Omentum Explained


The omentum is often referred to as the “policeman of the abdomen,” forms a protective covering around the peritoneal cavity ensuring that the areas are protected. Previously, it was believed to be redundant fat that was placed over the intestines, however, in recent times surgeons’ attitude towards omentum has changed. It is now considered as an individual organ with a wide spectrum of functions, including its ability to inhibit the spread of sepsis such as in peritonitis, and acts as a source of angiogenic factors actively involved in tissue repair. It has also been identified as a potential source of stem cells which may play an important role in tissue engineering and in vascular grafts synthesis.


The omentum was first recognised during Egyptian times and was called as great epiploon by Aristotle. The embryonic development takes place from the dorsal mesogastrium. It is divided anatomically into two main components, namely greater and lesser omentum. The greater omentum is formed by a double-layered peritoneum that follows the greater curvature of the stomach, encompasses the small intestine and then overlaps on itself to join the peritoneum in the anterior surface of the transverse colon. The lesser omentum forms the boundary of the lesser sac at the anterior portion, extending between the lesser curvature of the stomach and liver.


The omentum consists of two mesothelial sheets comprising adipocytes along with loose connective tissue. Additionally, there is an accumulation of mononuclear phagocytic cells. Microscopic examination reveals that it is composed of two unique tissue types, an adipose rich area and a thin fenestrated translucent area. The main role of the translucent areas has not been completely established, although it is believed to be actively involved in the transport of fluid and solute. On the other hand, the adipose area of the omentum contains milky spots or “taches laiteuses”. These milky spots were described by Ranvier and play a crucial role in the clearance of bacteria and promote the maturation and proliferation of macrophages and B cells.

Illustration of the greater and lesser omentum. Image by ASCCC OERI


Omentum has the ability to adhere to certain intra-abdominal foreign bodies including drains and catheters.

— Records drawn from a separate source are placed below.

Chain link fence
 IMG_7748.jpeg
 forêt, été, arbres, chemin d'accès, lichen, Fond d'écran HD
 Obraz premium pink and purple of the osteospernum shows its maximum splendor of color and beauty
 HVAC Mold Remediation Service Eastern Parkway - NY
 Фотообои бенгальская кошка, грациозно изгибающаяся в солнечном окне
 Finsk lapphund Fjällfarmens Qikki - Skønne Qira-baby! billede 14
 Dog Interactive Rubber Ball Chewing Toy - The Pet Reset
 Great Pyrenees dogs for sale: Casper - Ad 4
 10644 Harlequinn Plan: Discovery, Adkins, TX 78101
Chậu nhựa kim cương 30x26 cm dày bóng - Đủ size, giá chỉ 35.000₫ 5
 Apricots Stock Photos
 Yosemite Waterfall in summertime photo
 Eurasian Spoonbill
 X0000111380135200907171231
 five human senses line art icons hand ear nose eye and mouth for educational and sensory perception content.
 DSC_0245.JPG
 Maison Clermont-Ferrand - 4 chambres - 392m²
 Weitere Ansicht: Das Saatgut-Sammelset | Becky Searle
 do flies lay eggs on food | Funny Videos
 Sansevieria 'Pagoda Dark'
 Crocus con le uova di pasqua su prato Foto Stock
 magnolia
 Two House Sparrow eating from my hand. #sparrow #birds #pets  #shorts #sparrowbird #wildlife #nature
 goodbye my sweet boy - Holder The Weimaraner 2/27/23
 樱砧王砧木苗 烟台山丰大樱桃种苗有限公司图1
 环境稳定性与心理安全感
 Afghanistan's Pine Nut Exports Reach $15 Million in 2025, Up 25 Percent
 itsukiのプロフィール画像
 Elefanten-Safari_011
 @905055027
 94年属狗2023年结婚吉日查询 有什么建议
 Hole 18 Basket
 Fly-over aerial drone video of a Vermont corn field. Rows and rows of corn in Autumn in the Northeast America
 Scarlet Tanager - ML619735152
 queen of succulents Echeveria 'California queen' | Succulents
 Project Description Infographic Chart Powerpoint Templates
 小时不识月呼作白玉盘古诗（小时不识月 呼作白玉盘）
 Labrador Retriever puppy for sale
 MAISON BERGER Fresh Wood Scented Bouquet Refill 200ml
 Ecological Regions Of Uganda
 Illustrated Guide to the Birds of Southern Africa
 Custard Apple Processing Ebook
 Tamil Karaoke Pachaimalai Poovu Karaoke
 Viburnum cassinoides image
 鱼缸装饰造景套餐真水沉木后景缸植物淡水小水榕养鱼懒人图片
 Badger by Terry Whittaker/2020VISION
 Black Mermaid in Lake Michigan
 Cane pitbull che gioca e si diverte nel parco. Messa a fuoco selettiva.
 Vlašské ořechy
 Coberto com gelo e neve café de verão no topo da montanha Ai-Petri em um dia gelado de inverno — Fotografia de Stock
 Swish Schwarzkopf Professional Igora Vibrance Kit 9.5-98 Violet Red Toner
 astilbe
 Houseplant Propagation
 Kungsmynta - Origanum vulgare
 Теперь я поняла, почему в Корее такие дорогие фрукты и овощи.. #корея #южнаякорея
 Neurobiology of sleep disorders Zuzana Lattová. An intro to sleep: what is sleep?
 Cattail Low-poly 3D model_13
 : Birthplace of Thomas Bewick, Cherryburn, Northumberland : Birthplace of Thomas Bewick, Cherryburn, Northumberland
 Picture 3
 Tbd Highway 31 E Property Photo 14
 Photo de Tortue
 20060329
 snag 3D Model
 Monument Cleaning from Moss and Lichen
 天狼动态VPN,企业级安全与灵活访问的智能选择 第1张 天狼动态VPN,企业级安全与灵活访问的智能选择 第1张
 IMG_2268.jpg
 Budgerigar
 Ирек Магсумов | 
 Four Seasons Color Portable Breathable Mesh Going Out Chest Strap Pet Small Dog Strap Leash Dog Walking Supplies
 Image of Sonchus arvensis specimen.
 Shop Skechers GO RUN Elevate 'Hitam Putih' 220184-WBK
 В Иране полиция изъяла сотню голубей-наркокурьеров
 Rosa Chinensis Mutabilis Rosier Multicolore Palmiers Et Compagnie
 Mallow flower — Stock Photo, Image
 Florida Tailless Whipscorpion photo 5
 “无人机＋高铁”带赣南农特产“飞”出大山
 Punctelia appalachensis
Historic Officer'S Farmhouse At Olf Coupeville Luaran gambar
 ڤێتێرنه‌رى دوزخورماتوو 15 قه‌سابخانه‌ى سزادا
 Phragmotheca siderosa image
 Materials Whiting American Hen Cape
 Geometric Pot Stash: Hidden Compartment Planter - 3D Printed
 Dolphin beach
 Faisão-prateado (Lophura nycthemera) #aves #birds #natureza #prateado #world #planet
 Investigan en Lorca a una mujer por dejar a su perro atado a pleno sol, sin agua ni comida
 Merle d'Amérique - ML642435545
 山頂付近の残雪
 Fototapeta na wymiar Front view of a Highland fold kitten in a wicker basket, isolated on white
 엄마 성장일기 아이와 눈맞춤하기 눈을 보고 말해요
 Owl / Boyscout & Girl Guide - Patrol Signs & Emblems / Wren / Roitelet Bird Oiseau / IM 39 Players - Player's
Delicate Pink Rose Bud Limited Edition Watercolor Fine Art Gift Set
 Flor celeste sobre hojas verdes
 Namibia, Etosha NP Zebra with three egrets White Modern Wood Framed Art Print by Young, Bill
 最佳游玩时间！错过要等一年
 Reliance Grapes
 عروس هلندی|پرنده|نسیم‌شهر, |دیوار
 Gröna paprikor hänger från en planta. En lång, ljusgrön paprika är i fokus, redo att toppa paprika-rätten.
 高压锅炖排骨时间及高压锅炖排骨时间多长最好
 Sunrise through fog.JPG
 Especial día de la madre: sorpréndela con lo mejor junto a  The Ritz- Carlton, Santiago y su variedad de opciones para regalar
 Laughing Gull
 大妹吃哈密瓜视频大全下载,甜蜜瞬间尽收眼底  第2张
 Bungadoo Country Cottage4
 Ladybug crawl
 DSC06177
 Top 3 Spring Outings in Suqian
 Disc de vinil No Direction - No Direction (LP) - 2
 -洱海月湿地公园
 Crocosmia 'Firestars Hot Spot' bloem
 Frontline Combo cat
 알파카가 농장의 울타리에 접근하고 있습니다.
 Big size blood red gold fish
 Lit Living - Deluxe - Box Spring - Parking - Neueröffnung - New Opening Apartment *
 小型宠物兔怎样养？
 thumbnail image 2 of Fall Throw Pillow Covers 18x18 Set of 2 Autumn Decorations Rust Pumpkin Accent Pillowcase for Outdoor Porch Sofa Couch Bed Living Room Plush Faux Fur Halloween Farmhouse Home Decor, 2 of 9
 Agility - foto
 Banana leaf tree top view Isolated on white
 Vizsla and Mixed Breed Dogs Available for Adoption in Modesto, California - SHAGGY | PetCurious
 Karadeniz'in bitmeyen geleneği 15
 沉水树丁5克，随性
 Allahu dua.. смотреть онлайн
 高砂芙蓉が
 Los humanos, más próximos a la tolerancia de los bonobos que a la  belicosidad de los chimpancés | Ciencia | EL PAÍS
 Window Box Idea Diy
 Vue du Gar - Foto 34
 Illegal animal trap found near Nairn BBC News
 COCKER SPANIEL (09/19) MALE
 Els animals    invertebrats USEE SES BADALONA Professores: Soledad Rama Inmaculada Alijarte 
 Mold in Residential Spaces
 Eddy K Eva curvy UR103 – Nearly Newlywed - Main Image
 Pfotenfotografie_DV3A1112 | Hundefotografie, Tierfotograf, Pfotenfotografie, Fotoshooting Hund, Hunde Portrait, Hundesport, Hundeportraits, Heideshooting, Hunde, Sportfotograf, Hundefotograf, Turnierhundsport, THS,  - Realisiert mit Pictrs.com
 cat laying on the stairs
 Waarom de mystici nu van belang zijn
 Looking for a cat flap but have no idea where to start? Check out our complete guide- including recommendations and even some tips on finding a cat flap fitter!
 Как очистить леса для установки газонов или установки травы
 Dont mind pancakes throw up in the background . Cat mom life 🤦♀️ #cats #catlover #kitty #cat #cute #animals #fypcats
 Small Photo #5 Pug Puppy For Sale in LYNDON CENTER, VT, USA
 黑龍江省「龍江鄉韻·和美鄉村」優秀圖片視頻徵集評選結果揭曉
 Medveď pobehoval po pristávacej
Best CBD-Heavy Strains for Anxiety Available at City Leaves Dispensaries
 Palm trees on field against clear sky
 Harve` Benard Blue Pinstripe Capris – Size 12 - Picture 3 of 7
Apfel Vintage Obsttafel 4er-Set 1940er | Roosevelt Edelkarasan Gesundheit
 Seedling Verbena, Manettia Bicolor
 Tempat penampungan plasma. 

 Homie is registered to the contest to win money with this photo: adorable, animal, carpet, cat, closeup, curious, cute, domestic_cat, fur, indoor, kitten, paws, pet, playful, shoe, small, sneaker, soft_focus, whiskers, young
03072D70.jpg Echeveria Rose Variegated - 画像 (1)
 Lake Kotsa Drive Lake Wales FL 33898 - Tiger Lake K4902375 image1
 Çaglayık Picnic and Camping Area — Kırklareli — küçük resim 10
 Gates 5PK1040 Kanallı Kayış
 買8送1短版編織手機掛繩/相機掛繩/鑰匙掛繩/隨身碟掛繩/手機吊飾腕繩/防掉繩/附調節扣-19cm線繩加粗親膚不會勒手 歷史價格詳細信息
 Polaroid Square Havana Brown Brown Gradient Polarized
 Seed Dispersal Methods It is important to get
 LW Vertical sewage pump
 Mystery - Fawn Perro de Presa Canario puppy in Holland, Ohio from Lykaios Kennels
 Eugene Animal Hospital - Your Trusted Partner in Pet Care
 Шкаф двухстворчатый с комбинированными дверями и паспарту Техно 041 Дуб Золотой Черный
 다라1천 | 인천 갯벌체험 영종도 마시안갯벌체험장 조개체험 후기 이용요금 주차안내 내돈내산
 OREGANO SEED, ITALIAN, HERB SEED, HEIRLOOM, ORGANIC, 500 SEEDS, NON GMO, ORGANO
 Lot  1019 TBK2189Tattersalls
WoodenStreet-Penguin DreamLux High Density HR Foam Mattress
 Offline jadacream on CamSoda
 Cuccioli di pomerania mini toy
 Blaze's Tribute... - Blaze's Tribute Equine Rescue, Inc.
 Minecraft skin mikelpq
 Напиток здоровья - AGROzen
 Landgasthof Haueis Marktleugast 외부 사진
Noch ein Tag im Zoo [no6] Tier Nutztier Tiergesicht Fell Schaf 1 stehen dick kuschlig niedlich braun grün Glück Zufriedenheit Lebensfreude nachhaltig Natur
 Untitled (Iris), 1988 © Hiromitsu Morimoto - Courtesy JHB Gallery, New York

Therefore, patients who require placement of catheters in the abdominal cavity for a long duration such as those requiring peritoneal dialysis can have drainage problems as the omentum may occlude the tubes. It has been observed that removal of omentum significantly minimized the catheter blockage and improved drainage.

The omentum plays several important roles during episodes of peritonitis. It maintains the integrity of the peritoneal cavity by promoting the clearance of bacteria and foreign agents. The macrophages especially B lymphocytes located within the milky spots act as the principal site for phagocytosis. This in turn removes the bacteria and other harmful agents from the peritoneal cavity.

The omentum promotes angiogenic activity in the adjoining structures wherever it is applied. Studies have shown that lipid component derived from the omentum activates angiogenesis and is available abundantly. It has been reported that human omental microvascular endothelial cells (HOME cells) induce the release of the ‘basic fibroblast growth factor’, an important angiogenic peptide.  Hence, the omentum is actively engaged in the process of neovascularization and serves as a source of vascular supply in areas that are ischaemic or inflamed tissue.

Neurovascular Supply

The omentum consists of sympathetic nerve fibres. The nerve fibres are present around small blood vessels, and less frequently individual fibres can be detected between lymphoid cells. The omental milky spots (OMSs) located within the greater omentum play a crucial role in regulating the peritoneal immune homeostasis. The sympathetic nervous system and neurotransmitters (noradrenaline) regulate the key neural processes.

The right, left and middle omental arteries form the main blood supply of the omentum. These arteries originate from the right and left gastroepiploic arteries. The anterior surface is supplied by the larger right omental artery, whereas the posterior surface is supplied by the smaller left omental artery.

Real picture of the vasculature to the omentum of a mammal. Image by Léodras

Clinical Relevance and Associated Diseases

Omentum may be the site causing tumours. Occasionally, primary tumours of the omentum may occur. It is one of the main sites leading to the metastasis of carcinomas of the stomach, ovaries, and colon. In the case of ovarian epithelial carcinomas, omentectomy is often performed in order to prevent local recurrence.  Omentectomy is also suggested for carcinomas that undergo metastasis through the peritoneal cavity. Omental adipose tissue may increase the level of circulating glucocorticoids which may contribute to obesity and insulin resistance. This is referred to as the “Cushing’s disease of the omentum.”

Recent research has highlighted that omentum is a source for several important components such as adipokines (leptin, RANTES), and resistin. This may help to establish a relationship between metabolic dysfunction and intra-abdominal obesity.